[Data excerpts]
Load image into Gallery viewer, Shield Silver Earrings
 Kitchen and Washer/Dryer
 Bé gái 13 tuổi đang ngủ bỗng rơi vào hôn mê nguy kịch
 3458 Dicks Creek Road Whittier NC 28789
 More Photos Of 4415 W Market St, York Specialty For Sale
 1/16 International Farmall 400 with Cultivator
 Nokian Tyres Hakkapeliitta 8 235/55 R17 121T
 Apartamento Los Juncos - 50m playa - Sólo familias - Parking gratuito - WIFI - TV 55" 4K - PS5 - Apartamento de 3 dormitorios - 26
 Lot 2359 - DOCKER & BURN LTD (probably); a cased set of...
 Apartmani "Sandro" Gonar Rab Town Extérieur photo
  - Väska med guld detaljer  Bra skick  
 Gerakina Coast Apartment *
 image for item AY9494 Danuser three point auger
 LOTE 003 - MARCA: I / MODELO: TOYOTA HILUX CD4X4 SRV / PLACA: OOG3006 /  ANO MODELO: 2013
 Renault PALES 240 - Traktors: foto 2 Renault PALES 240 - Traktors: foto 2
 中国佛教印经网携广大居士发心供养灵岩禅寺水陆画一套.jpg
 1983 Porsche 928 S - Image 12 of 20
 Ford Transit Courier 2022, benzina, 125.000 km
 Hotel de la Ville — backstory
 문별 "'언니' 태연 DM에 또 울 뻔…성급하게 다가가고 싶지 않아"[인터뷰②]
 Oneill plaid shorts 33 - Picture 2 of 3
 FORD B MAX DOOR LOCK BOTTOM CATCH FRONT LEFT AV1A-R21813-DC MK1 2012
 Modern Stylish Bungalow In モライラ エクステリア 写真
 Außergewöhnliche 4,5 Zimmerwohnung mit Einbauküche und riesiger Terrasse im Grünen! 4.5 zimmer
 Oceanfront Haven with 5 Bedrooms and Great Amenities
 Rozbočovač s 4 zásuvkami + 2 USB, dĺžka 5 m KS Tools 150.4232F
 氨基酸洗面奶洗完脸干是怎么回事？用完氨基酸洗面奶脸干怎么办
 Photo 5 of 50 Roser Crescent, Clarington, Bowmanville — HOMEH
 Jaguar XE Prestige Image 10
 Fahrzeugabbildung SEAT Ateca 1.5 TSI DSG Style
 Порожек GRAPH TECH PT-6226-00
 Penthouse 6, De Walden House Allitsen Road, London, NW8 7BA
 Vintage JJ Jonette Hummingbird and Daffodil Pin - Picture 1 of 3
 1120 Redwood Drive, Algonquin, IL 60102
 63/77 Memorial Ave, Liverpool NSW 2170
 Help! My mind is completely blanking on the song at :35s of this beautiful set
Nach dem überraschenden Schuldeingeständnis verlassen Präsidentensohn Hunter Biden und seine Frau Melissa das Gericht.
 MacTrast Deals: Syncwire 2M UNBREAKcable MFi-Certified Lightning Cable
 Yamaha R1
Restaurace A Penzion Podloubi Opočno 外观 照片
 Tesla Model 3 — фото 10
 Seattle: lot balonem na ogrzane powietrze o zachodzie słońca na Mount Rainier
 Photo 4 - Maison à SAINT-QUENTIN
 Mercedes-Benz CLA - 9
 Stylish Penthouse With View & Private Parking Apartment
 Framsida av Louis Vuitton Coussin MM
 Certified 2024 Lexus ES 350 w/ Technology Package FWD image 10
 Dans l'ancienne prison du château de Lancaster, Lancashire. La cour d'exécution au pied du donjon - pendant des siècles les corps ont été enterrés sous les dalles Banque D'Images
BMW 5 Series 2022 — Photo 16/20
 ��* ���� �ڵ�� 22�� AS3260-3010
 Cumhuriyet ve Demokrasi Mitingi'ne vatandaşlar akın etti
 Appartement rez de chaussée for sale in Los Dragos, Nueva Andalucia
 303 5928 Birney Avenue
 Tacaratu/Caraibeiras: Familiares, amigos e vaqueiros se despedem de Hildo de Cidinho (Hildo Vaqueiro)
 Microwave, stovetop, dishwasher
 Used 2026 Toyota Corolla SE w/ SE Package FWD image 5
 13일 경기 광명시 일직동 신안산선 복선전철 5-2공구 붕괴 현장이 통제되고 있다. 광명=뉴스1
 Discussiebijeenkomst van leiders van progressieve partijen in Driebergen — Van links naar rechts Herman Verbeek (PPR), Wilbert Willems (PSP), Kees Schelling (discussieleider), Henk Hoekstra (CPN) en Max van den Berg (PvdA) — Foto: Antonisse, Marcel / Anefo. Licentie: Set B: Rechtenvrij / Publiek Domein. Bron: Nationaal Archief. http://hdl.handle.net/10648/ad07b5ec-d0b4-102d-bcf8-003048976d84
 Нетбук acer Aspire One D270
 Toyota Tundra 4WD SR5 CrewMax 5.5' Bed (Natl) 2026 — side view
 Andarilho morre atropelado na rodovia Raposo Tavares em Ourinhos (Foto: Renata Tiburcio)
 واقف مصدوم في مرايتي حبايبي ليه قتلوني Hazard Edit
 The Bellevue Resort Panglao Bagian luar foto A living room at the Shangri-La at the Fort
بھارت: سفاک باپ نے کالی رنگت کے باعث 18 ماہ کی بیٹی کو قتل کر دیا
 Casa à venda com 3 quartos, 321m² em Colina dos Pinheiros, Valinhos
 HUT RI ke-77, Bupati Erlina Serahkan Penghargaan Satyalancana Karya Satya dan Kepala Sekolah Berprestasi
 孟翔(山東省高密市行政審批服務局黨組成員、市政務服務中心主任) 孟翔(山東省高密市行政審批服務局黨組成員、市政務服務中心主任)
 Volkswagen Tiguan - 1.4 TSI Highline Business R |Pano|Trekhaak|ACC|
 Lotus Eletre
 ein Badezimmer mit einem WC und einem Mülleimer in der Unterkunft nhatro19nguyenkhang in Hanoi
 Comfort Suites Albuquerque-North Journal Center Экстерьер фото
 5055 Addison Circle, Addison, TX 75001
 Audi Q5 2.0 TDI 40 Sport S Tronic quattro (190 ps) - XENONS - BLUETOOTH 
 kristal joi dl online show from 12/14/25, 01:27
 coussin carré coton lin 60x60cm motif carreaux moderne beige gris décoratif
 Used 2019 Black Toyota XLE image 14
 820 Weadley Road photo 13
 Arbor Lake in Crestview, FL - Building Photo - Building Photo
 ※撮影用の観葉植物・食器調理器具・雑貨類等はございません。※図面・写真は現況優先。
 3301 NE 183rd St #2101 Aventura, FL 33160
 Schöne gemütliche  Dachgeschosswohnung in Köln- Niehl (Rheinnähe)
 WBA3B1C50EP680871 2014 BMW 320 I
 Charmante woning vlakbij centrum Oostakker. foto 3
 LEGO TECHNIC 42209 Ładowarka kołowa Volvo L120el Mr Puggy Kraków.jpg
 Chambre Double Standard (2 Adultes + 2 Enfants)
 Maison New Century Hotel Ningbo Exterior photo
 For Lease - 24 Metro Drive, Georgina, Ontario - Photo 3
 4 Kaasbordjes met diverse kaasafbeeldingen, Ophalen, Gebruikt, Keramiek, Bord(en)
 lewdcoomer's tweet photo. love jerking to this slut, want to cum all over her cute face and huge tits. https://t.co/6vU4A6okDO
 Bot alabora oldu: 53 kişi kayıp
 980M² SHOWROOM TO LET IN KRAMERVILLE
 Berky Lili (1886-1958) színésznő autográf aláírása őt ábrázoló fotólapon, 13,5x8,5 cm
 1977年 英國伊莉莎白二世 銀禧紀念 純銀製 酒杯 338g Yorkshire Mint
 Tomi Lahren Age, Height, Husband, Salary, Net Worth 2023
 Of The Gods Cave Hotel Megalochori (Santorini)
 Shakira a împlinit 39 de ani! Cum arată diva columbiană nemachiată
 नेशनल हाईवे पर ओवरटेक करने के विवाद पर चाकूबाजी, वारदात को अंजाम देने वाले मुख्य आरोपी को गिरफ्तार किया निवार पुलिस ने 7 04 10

§ WORK TASK
Of the entries above, repeat exactly the lines between the line with "Framsida av Louis Vuitton Coussin MM" and the line with "BMW 5 Series 2022 — Photo 16/20", inclusive, and no others.

§ ANSWER TO THIS EXERCISE
 Framsida av Louis Vuitton Coussin MM
 Certified 2024 Lexus ES 350 w/ Technology Package FWD image 10
 Dans l'ancienne prison du château de Lancaster, Lancashire. La cour d'exécution au pied du donjon - pendant des siècles les corps ont été enterrés sous les dalles Banque D'Images
BMW 5 Series 2022 — Photo 16/20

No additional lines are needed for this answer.